Choosing the right brake fluid is not as easy as it used to be. In the “olden days” it was a simple matter of buying racing brake fluid since it has a high boiling point. The problem was (is) that you have to keep plenty of spare bottles around. And you always run out at the worst time... and you couldn’t (can’t) just run down to the local parts store and buy some more. More recently, I have been seeing Valvoline Synthetic brake fluid in a lot of the parts stores. It’s “dry” boiling point is 513 degrees F. and “wet” point is 333 degrees F. If you change fluid before every race, then this may not be a bad alternative to “racing fluid”. I’m using this in my street car and tow vehicle. However, since the racing fluid I use has a “dry” point of 585 degrees F. and an “wet” point of 421 degrees F, I’ll stay with it for now.... Yea, I know it’s expensive, but what else is new.

One last thought on brake fluid. Don’t mix fluids. I know that most of the bottles say that they can be mixed. This is because the “Feds” require it. But to have an optimum system, you should always use the same brand and “grade” in your brakes... even on your street car.

HOT STUFF

There’s one last thing to do to the brakes before you’re ready to go. Get rid of the heat! Disc and drum brakes live in the worst possible place... buried inside the wheel rim, and inside the fender where very little cooling air can get to it. Even with the best system and brake fluid you can buy, the heat build-up will cause your brakes to deteriorate. The best way to avoid this is to duct some cooling air to the brakes.
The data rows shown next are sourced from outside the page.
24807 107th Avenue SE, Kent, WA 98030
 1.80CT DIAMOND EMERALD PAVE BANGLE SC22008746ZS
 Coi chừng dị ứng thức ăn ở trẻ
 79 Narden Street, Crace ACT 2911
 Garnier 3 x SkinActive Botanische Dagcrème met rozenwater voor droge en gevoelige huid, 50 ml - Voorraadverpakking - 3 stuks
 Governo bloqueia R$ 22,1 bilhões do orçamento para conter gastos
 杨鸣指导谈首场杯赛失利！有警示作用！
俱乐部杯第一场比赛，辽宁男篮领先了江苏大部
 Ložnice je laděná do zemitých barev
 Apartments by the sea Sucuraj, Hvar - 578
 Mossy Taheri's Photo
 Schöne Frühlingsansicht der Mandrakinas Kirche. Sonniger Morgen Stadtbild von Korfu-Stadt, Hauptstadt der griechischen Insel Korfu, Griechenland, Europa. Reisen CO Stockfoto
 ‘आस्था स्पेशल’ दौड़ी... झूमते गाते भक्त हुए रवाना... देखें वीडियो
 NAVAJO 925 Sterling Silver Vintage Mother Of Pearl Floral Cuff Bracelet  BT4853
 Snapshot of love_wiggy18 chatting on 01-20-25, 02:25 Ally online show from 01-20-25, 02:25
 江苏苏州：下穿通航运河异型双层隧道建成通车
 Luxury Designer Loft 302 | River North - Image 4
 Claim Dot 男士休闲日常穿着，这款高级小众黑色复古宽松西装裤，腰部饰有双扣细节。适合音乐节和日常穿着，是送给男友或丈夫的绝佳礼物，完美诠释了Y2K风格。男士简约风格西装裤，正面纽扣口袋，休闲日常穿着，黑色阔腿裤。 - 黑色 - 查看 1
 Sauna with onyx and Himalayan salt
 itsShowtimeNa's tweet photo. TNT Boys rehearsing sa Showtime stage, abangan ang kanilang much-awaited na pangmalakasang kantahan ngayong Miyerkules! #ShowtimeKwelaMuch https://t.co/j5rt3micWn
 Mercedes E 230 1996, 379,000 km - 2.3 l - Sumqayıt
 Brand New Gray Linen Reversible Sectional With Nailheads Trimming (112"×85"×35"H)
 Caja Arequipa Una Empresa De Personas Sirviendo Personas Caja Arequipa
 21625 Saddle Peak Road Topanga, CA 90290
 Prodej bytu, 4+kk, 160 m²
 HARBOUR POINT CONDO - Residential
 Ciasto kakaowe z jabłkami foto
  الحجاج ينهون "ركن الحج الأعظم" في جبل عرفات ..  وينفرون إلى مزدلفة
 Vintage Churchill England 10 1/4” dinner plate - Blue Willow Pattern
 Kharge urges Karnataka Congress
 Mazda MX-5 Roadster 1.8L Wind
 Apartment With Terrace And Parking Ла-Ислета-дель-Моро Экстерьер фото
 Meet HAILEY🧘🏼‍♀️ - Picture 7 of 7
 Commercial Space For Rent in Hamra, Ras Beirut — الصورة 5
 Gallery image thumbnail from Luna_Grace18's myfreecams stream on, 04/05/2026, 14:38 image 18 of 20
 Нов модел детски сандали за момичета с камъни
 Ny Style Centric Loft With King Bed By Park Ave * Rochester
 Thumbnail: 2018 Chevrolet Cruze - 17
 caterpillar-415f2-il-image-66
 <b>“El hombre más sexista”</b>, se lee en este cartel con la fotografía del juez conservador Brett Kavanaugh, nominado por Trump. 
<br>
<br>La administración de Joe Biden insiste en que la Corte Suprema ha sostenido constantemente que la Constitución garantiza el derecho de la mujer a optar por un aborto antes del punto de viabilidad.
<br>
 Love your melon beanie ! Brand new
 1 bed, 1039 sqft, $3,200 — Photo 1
To duct the air, you will probably have to fabricate the pieces needed to scoop in the air, route the air to the brakes, and properly distribute the air around the brakes. Most important here is the way you distribute the air around the brakes. On disc brakes, don’t just route a hose into the vicinity of the disc from one side. If you do this, one side of the disc will be cooler than the other and the disc will warp. The proper way to do this is to fabricate a “housing” that wraps around the disc and puts even amounts of air on both sides of the disc. There is a diagram of how to make a proper “housing” in the Carrol Smith book “Prepare to Win”.

The same principal for even distribution of cooling air should apply if you have to run drum brakes... only it’s more difficult. For safety reasons I can’t recommend a modification. You would have to modify the backing plate by cutting holes in it and then some how reinforce the backing plate. It would be better to have “fading”, “mushy” brakes than to have a backing plate failure. Maybe the Comp Board would consider allowing rear disc brakes on all cars.

WINNING RESULTS

Some people who know me think I have become almost “anal” about my brakes... and they’re probably right. But I think it’s worth it. Since I lost that regional championship because of brakes (and becoming “anal” about it), I have gone on to win both regional and National division championships. I’ve still had a couple of problems since I have to run “production brakes”, but the improvement in my car’s brakes is worth the money and effort. I now have the confidence to drive harder into corners, or to try to “out-break” some one without the fear that my brakes are going to send me on an “E Ticket Ride”.